**Source information:**

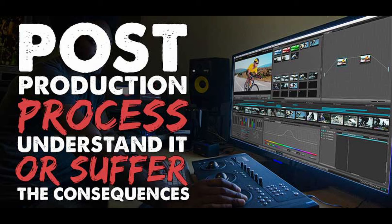Welcome, my Indie Film Hustlers, to another episode of the Indie Film Hustle Podcast. I am your humble host, Alex Ferrari. Now, today's show is sponsored by Videoblocks.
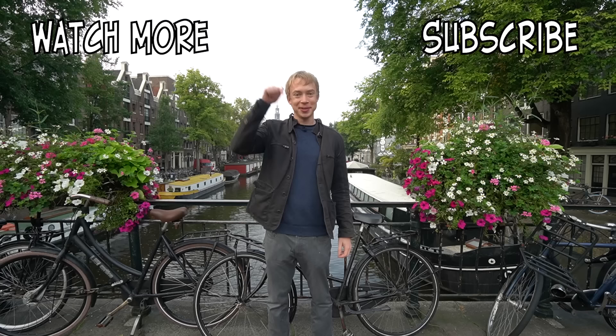Those are my recommendations for Amsterdam — what are yours? If you're from there or have visited before, please leave your tips and advice in the comments below. If you liked this video, give it a thumbs up and subscribe to Max Nomad for new travel videos published every week. I'm Max Nomad — talk to you again soon!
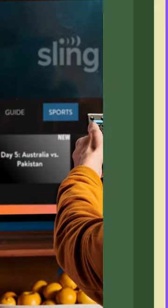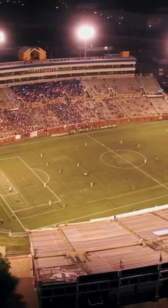SlingTV's channel selection includes Fox only in select markets, so you'll probably want to pair it with an antenna if you're looking for World Cup coverage.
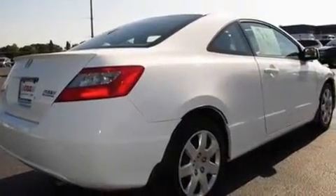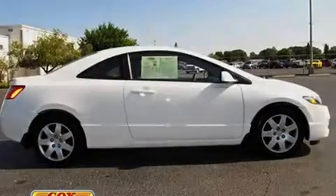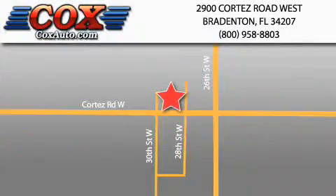Contact us today to schedule your opportunity to see this automobile in person. Be sure to take advantage of our first year complimentary basic maintenance on every pre-owned vehicle purchased from Cox Automotive.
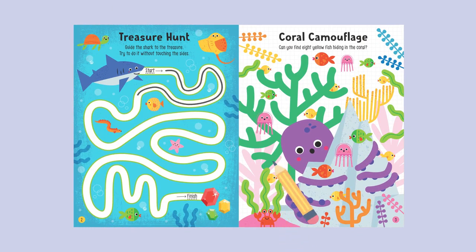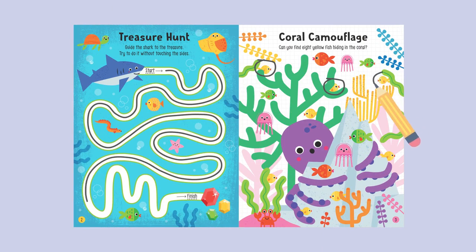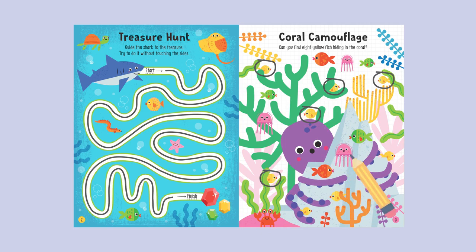Treasure Hunt: Guide the shark to the treasure. Try to do it without touching the sides. Coral Camouflage: Can you find eight yellow fish hiding in the coral?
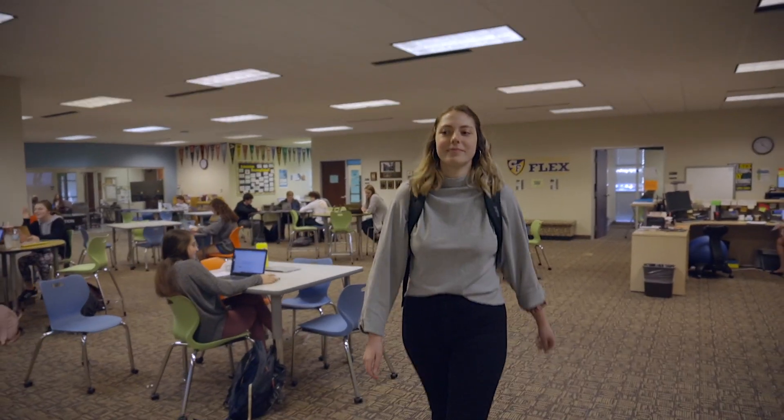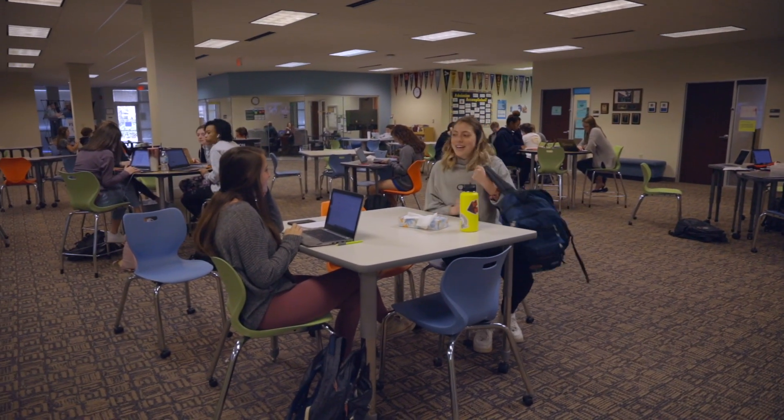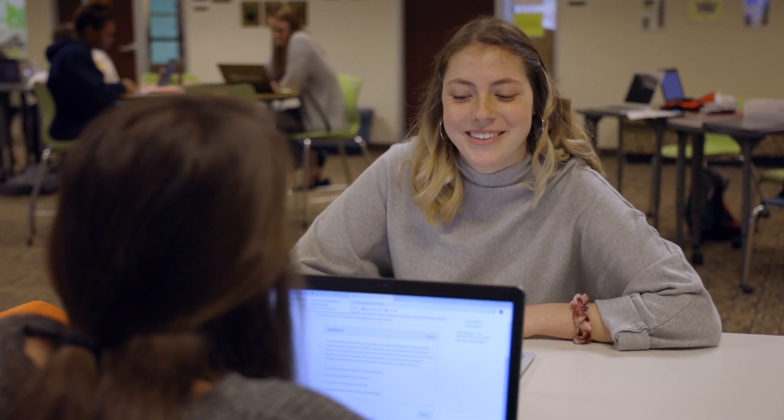I chose Crossroads Flex because of the small school and small class sizes. I go to school usually three times a week. For example, Mondays I come to school at 10 for yearbook meetings, then at 11:30 I have student council meetings, and then I usually stay till 2 and do my online work. Both my classes are online right now.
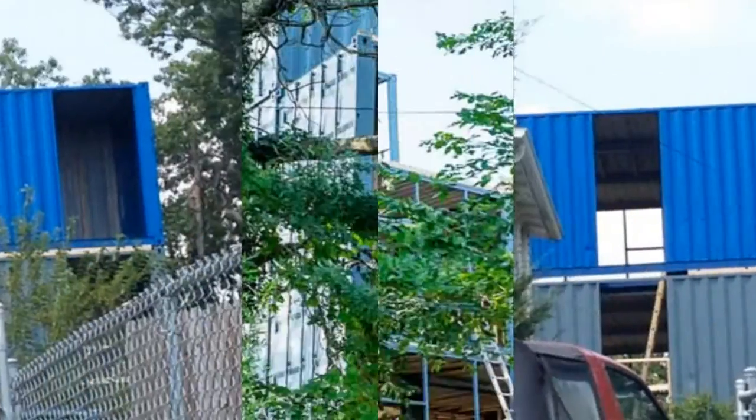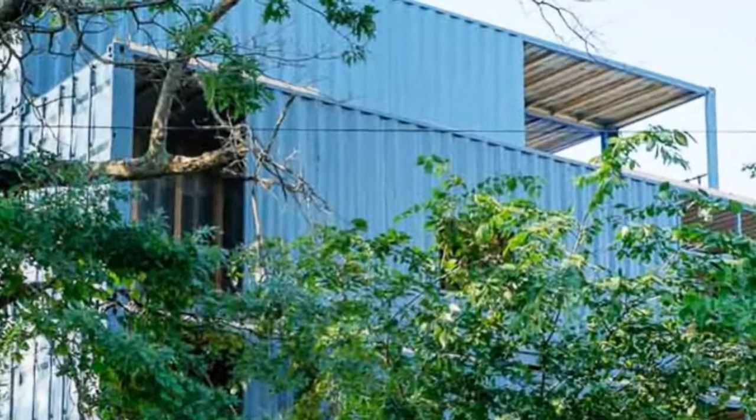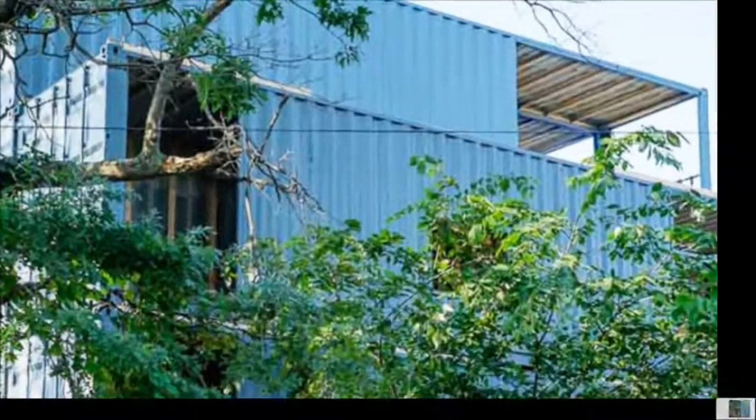The apartment buildings in this Brooklyn area are being created with stacked gray and blue shipping containers, which stand out in sharp contrast to the quaint homes all around it.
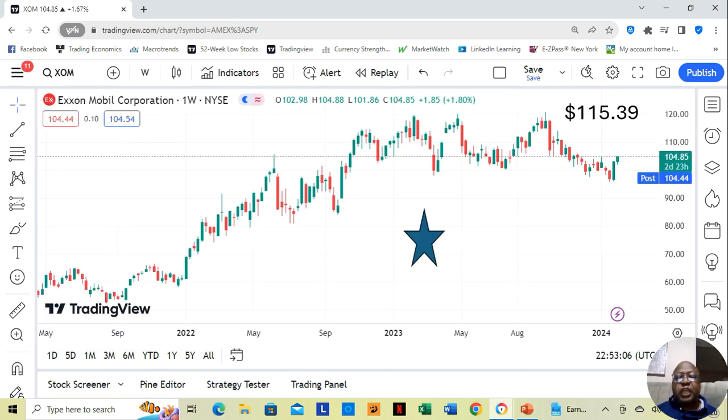Next we have ExxonMobil. They're a one-star, currently at $104.85 a share. Yahoo analysts estimate they can move up to $115.39 a share in the next 12 months.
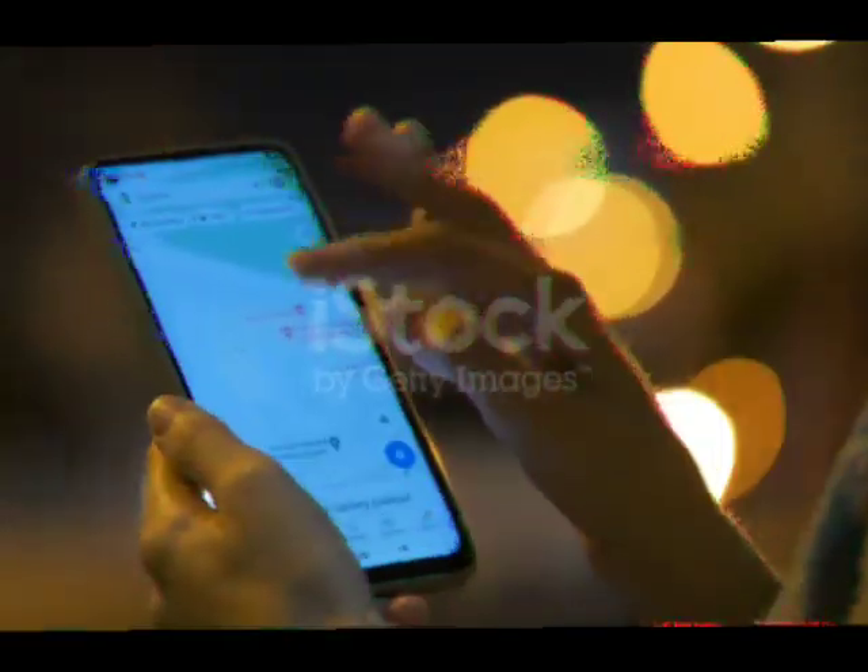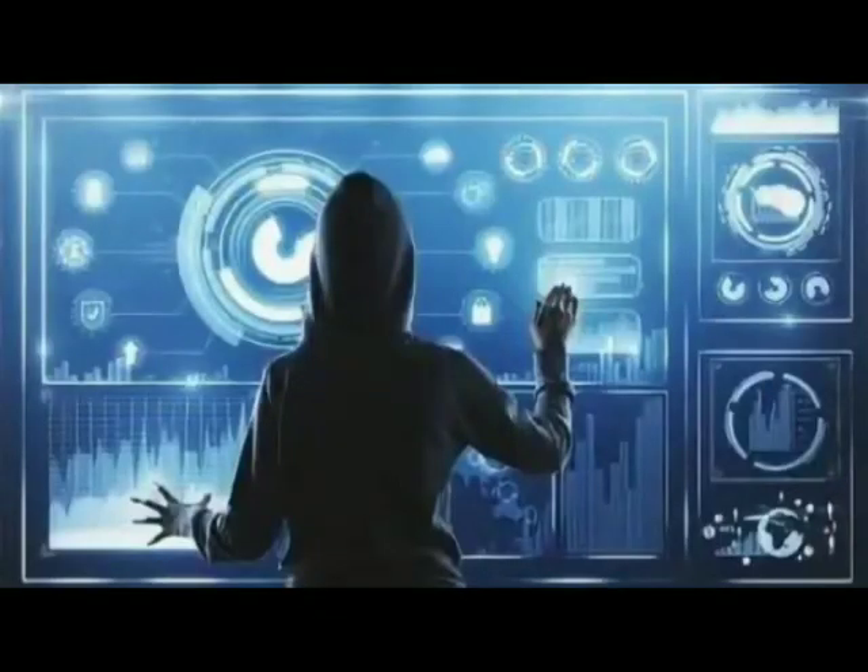Hello everyone. Are you using an Android device or a smart TV? If so, you might want to pay attention to this new research. According to a recent report, millions of low-cost Android devices and smart TVs have pre-installed malware that can compromise your privacy and security.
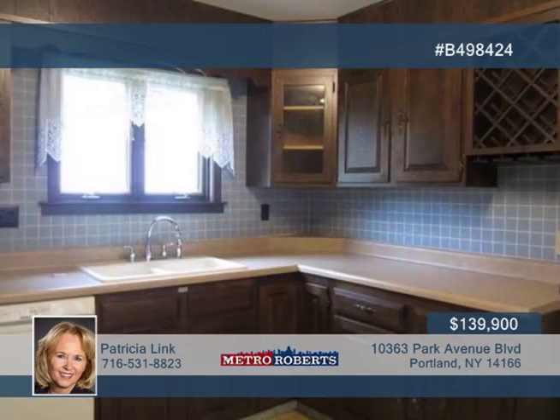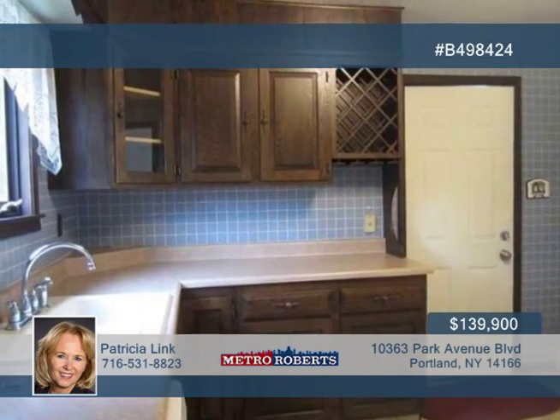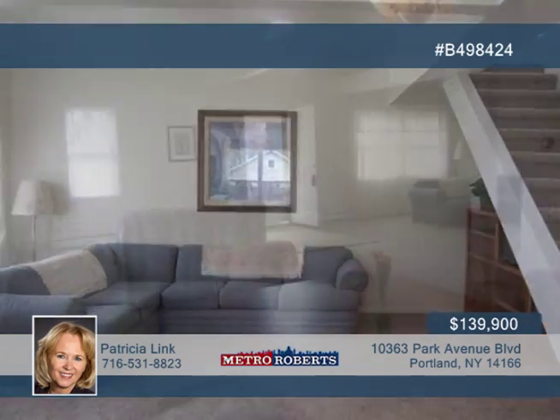Inside you'll find three bedrooms, first floor laundry, spacious living room with vaulted ceilings, and a dining room. The updated kitchen and bath are freshly painted, along with copper plumbing and some new windows and carpet.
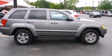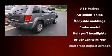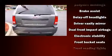Step into the 2007 Jeep Grand Cherokee. Top features include a split folding rear seat, a rear window wiper, one-touch window functionality, an outside temperature display, remote keyless entry, and more.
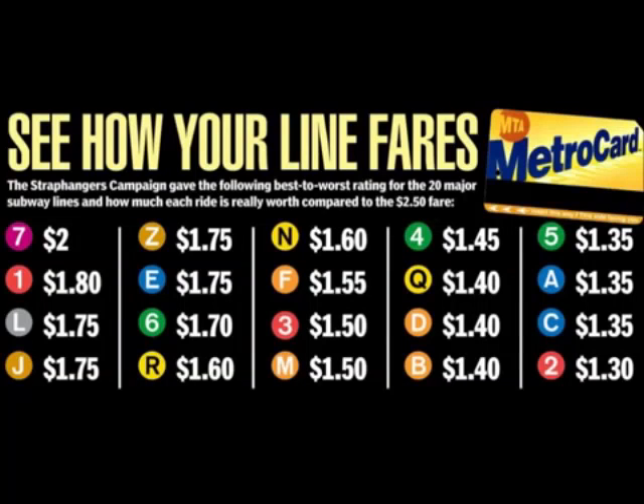Honestly, the G is a kick-ass line. For those of you who say the G sucks, sit down. You forget what the G goes through. It's so bad that Strap Hank — and that's another thing — how can you say your ratings are official yet you don't rate the G? Get out of here. If you want to really be official, you rate every train in the subway system, shuttles included.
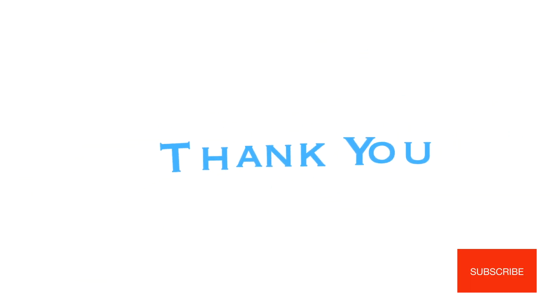Thank you for watching this video. This video was made possible with the help of Dr. Deepak Vodal, MD Pediatrics. If you like this video, please subscribe to the channel.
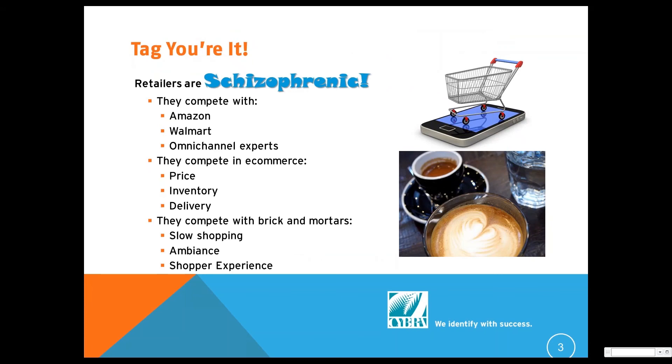So, tag you're it. You've got this mandate — you get the letter from whoever, a retail customer says you've got to tag. Well, let's put ourselves for a minute in the retailer's shoes. They're schizophrenic, because they've actually got two personalities they need to present to the world.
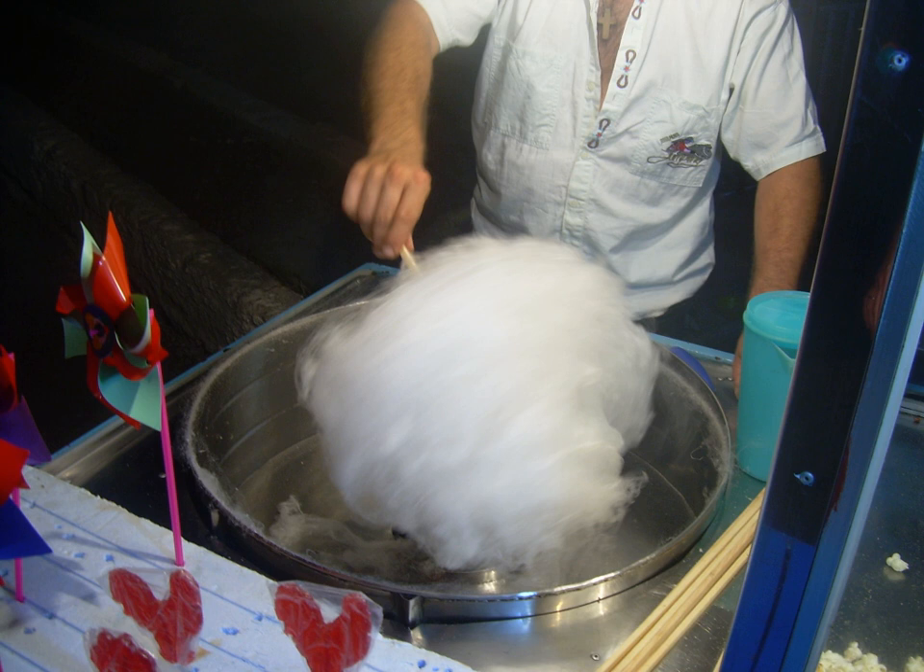Cotton candy also comes out purple when mixed, making it a significant favorite at fairs. Cotton candy machines were notoriously unreliable until Gold Medal's invention of a sprung base in 1949, and since then they have manufactured nearly all commercial cotton candy machines and much of the Floss Sugar in the U.S. Typically, once spun, cotton candy is only marketed by color.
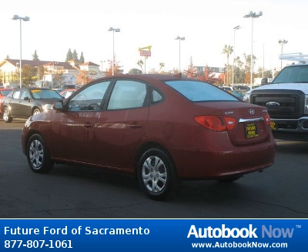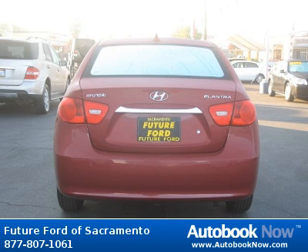Features include: contact the internet department today, power windows, tilt wheel, and much more. Visit autobooknow.com for more details.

**Problem to work on:**
Going by the data above, the answer is exactly the lines from the one holding "Treasure Hunt: Guide" to the one holding "Step into the", both kept, with the pictures left out.

**Result:**
Treasure Hunt: Guide the shark to the treasure. Try to do it without touching the sides. Coral Camouflage: Can you find eight yellow fish hiding in the coral?
I chose Crossroads Flex because of the small school and small class sizes. I go to school usually three times a week. For example, Mondays I come to school at 10 for yearbook meetings, then at 11:30 I have student council meetings, and then I usually stay till 2 and do my online work. Both my classes are online right now.
The apartment buildings in this Brooklyn area are being created with stacked gray and blue shipping containers, which stand out in sharp contrast to the quaint homes all around it.
Next we have ExxonMobil. They're a one-star, currently at $104.85 a share. Yahoo analysts estimate they can move up to $115.39 a share in the next 12 months.
Hello everyone. Are you using an Android device or a smart TV? If so, you might want to pay attention to this new research. According to a recent report, millions of low-cost Android devices and smart TVs have pre-installed malware that can compromise your privacy and security.
Inside you'll find three bedrooms, first floor laundry, spacious living room with vaulted ceilings, and a dining room. The updated kitchen and bath are freshly painted, along with copper plumbing and some new windows and carpet.
Step into the 2007 Jeep Grand Cherokee. Top features include a split folding rear seat, a rear window wiper, one-touch window functionality, an outside temperature display, remote keyless entry, and more.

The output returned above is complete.